The visions belong to the Birch women who came before, but they are transcribed, interpreted, analyzed, and kept secret by the men of the Birch family. Stella, 12 years old upon her first communion with the Ghostdaddy, is allowed to read the insights of her predecessors sparingly, at intervals prescribed by her controlling and foppish Uncle Hendrick.

Her own interpretations of the messages she receives from the god are unwelcome, considered the musings of hysteria and religious euphoria. Only Birch men are able to divine facts from their women’s fantasies.  

Eventually, Stella learns the true nature — more clearly and resonantly than any before her — of her family’s relationship to their god, and she hightails it out of Cades Cove, Tennessee. In the intervening years, she carves out a life for herself in another male-dominated and hostile environment: bootlegging moonshine. 

But then Motty dies, and the 1948 timeline begins, drawing Stella back to her family’s shadowy web of peculiarities. 

In Revelator, Gregory has constructed a twisty, unnerving story that reveals its secrets as judiciously as Uncle Hendrick passes out the family lore. And by showing us this world through the eyes of Stella — and only through her eyes — we’re able to see the truth more clearly: the Ghostdaddy may be a monster, but he ain’t the villain. 

There are many reasons that drive Stella out of the Cove, that repulse her and forever tarnish her faith in her family and herself. Some of those reasons are supernatural, but some of them are as plain and ordinary as the ingredients in our eternal human cocktail: greed, misogyny, and religious zealotry. 

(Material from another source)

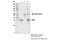 Cyclin Dependent Kinase 2 antibody, 18048S, Cell Signaling Technology, Immunoprecipitation image 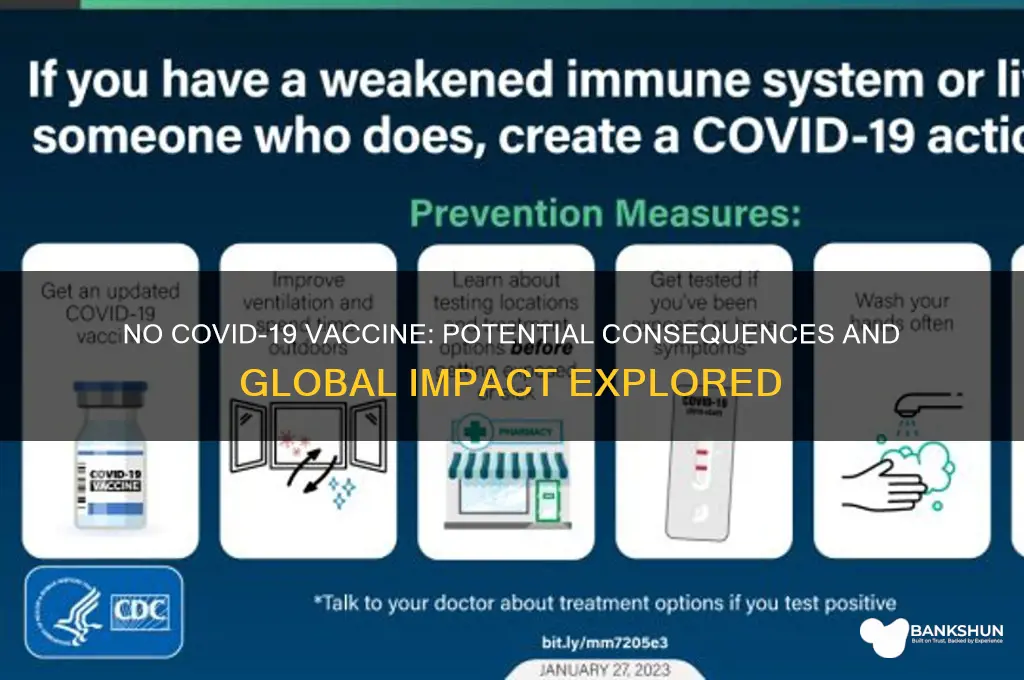what happens if no vaccine for coronavirus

The Ghostdaddy isn’t the one who lies to Stella about its purpose. The Ghostdaddy isn’t the one who dismisses her truths because they’re inconvenient. The Ghostdaddy isn’t the one who marks her for a life of sacrifice and struggle. 

Those are her uncles and cousins, each a mortal man whose deliberate and accidental distortions of the Revelator’s messages promise them — the men — a great and beautiful reward for their loyalty to the God in the Mountain. Those too are the men of law enforcement and the surrounding town who enable Hendrick and others, who go out of their way to “other” Motty, Stella, and every last ill-begotten Birch woman. 

My first exposure to Gregory was his novella, We Are All Completely Fine, which focused on a support group for those who survived supernatural traumas. He has a talent for writing outcasts, for conjuring empathy and sympathy for those left to toil in the margins. That talent is certainly on display in Revelator, where it’s damn near impossible not to root for Stella but also for the family of choice she finds along the way: Abby, her lumbering, moonshining protector; Alfonse, her “hooch husband” partner in crime; and Pee Wee and Merle, the parents she ought to have had. 

Revelator is a book of few heroes and many villains, but more than anything, it’s a book for the people — mostly women — who get caught in the path of both.